The large crystals on the bases worked really well with the tails wrapping around them. 




























- Martok


----------



## Pusser (May 26, 2011)

Those wraiths are made of six different flavors of awesome


----------



## Martok (Oct 31, 2012)

Pusser said:


> Those wraiths are made of six different flavors of awesome


Thanks mate they are very cool models!

Now the Necron Army Showcase gets to the vehicles. First up we have the Ghost Ark. This thing can eat a lot of firepower and still get my Warriors where they need to be.








I converted this model by removing the pilot (robots piloting robots makes no sense at all) with a bit of plastic and some parts from the Command Barge I put together a reasonable dais for my Cryptek to use to indicate teh unit is embarked.








The OSL on this thing was a massive slog and I could have done a better job but in the end I wanted to be finished with it.

















- Martok


----------



## The Wraithlord (Jan 1, 2007)

Need bigger pictures in order to better see the detail. Looks great from what I can see however.


----------



## Martok (Oct 31, 2012)

Thanks. If you are after bigger pics you can click through to my blog from the sig its just easier to manage my pics this way.

This time a two for one with both of the Annihilation Barges.
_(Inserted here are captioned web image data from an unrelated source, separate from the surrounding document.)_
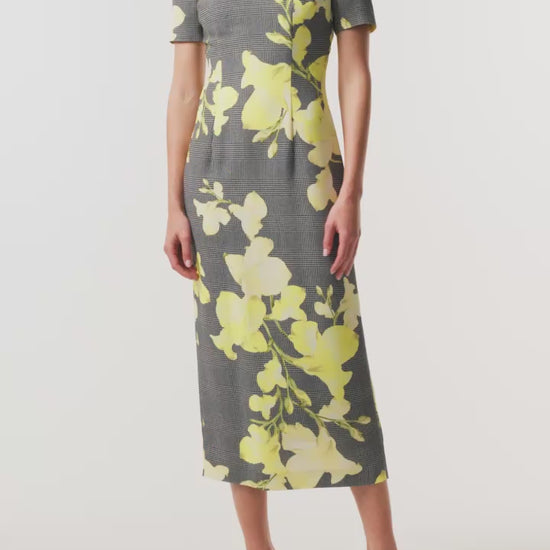 Monique Lhuillier Fall 2026 short sleeve sheath dress in Glen Plaid Snapdragon Printed Crepe Suiting -video. 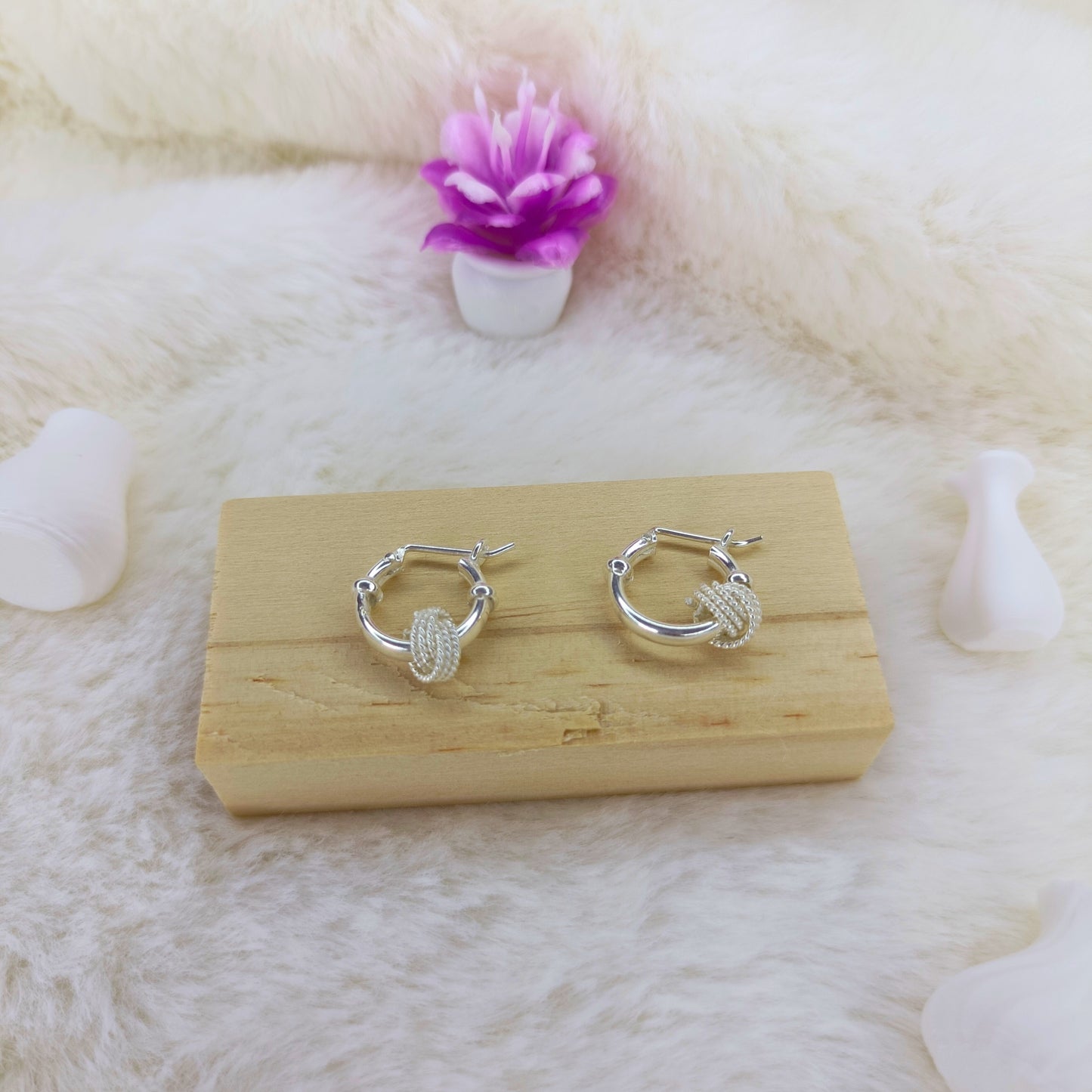 Aretes Aros con Nudo Texturizado en Plata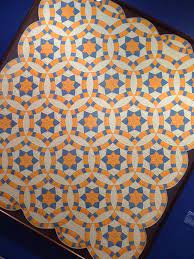 Pin By Evelien Crooy Renzenbrink On Beautiful Quilts I Can Do This Quilts Decor Vintage Quilts Wedding Ring Quilt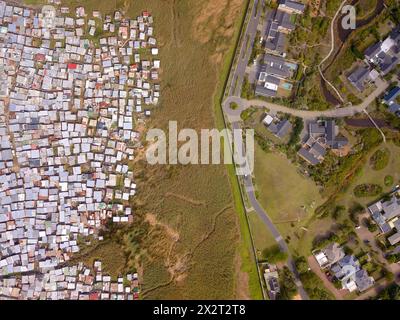 Luftlinie von Township und wohlhabenden Häusern im geteilten Südafrika Stockfoto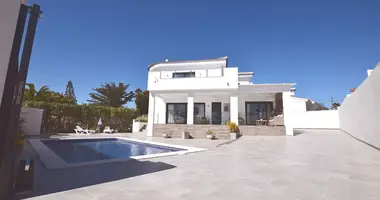 Villa in Urbanizacion Dona Pepa, Spanien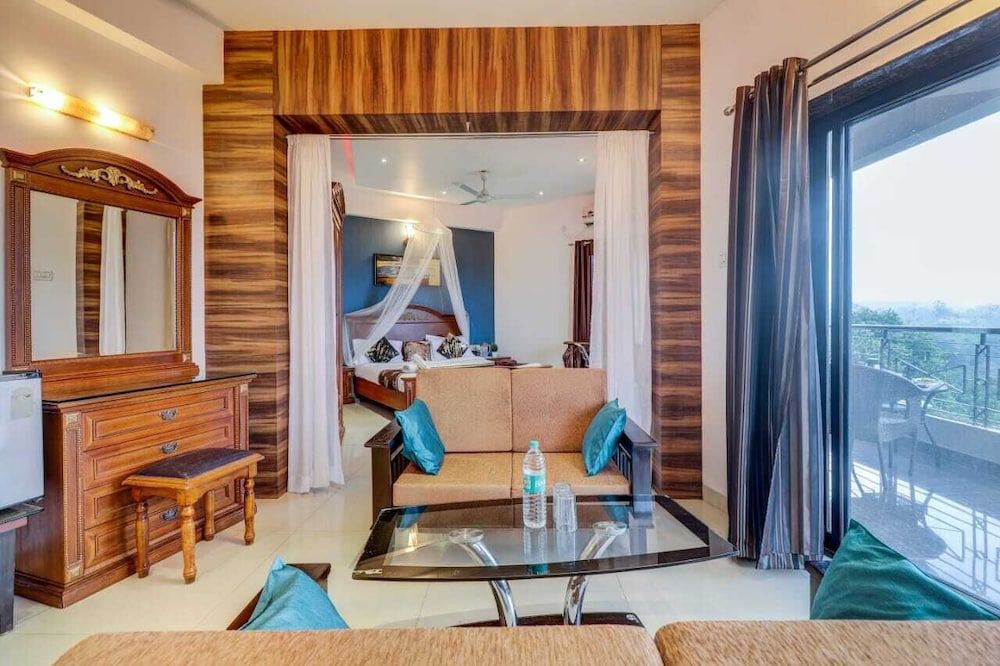 Mahinder Inn By Sapphire Stays Classic Double Room 3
These took quite a bit of work... and if you notice I still haven't highlighted the cabling (need to do that on all the vehicles actually). The actual OSL went pretty well with these guys and this was the point I wished I had just done Green and Blue OSL and missed out the Red but this is something learnt and will not be repeated.
































































- Martok


----------



## Martok (Oct 31, 2012)

Next up is a Doom Scythe. Hopefully these pics should be bigger but if you want a better look at the older ones they are all on my BLOODYdice. Really need some new pics of this flyer though as the pilot is now painted and I have also found a part to cover up the cockpit which I need to put on and paint.. but for now:










































- Martok


----------



## Hellados (Sep 16, 2009)

I really like these guys, much more character then most Cron armies


----------



## Martok (Oct 31, 2012)

I promised a full army shot quite some time ago. I have finally got myself a pic excuse the quad gun I needed to boost my list to 1850 at the last minute):










- Martok


----------